When: Tuesday, February 19
Where: Fast & Fabulous Hors d’Oeuvres at 6 p.m., at the Wake Center (300 North Turnpike Road) in Room 31 (the kitchen). Tuesday marks the first of four Tuesday meetings. Pastry Techniques for the Beginner at 6 p.m. at the Schott Center (310 West Padre Street). Tuesday marks the first of five Tuesday meetings.
Cost: $40 optional fee for Fast & Fabulous Hors d’Oeuvres; $35 optional fee for Pastry Techniques for the Beginner.
The Lowdown: Have you ever offered to bring hors d’oeuvres to a potluck, only to find yourself stuck without ideas or time to do anything other than grab a bag of chips and jar of salsa at the last minute? Or maybe you’re the one who likes to bring dessert, but you’re beginning to wonder just how many more times you can afford to show up with one of those expensive cakes from the bakery. What you need is a cooking class.

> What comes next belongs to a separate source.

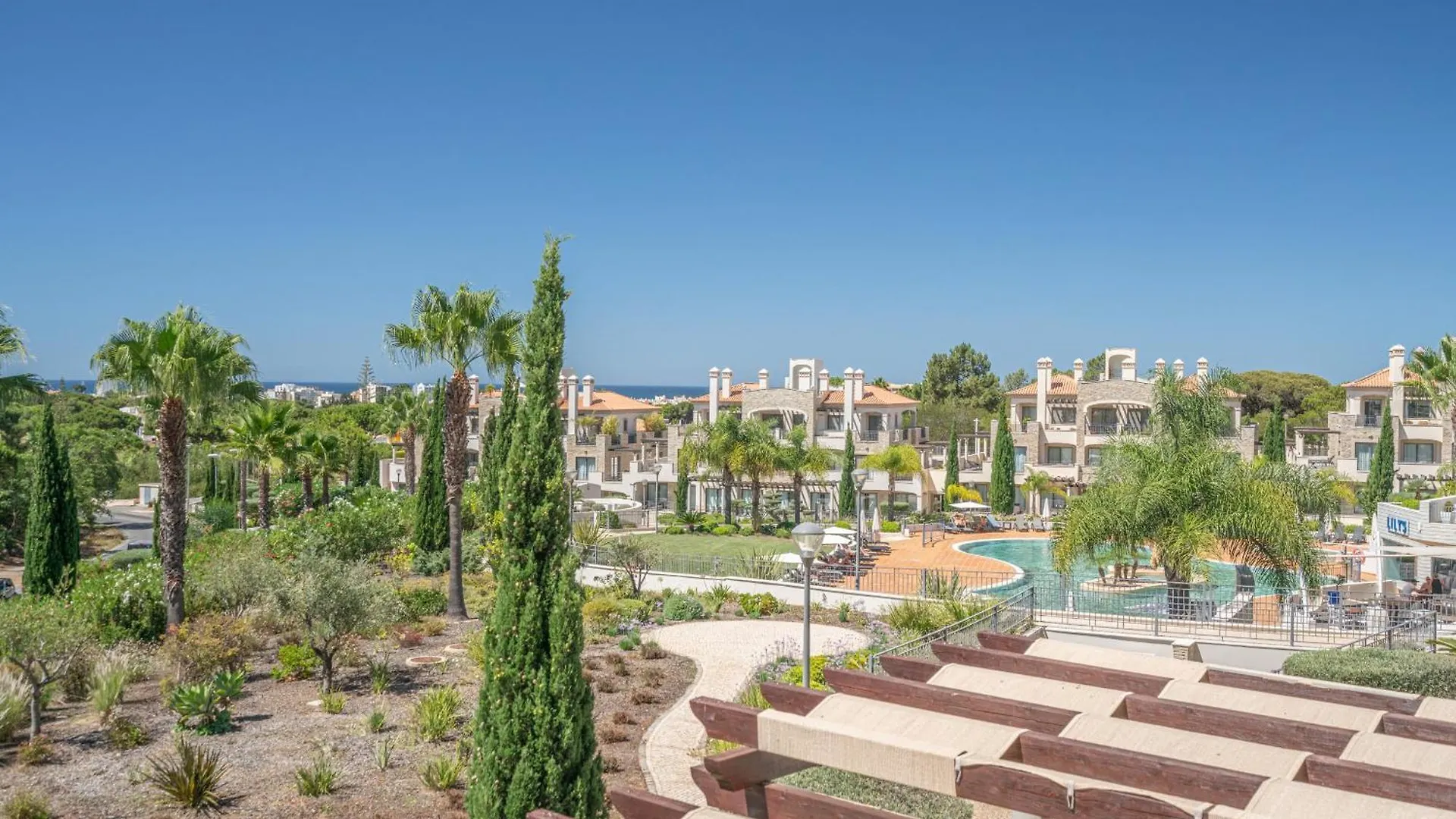 Vilamoura Pine Hills With Pool By Homing Apartment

Each quarter, you can find wide variety of cooking classes offered through Adult Ed – everything from basic cooking to international cooking to pastry baking and desserts. Some classes are one-day workshops, others meet regularly during the 10-week term, while others are offered as short-term, four- to five-week courses. Coming up on Tuesday, Feb. 19, two of those short term courses will begin-one meets at the Wake Center and the other at the Schott Center. Fast & Fabulous Hors d’oeuvres is one of the classes in the Basic Cooking series. This is the class for you if you want to learn how you can create hors d’oeuvres in just a few minutes that look and taste like they took hours to prepare. It’s a four-week class that meets at the Wake Center. If desserts are what you’re interested in, Pastry Techniques for the Beginner is the one for you. In this five-week class that meets at the Schott Center, you’ll learn how to bake tarts, cakes and pies of all kinds.
Both classes have a limit of 25 students, so you’ll want to show up early. Each one also has an optional fee to pay for the food. Of course you could decline to pay the optional fee, but then you wouldn’t be able to enjoy the feast at the end of class: And where’s the fun in that?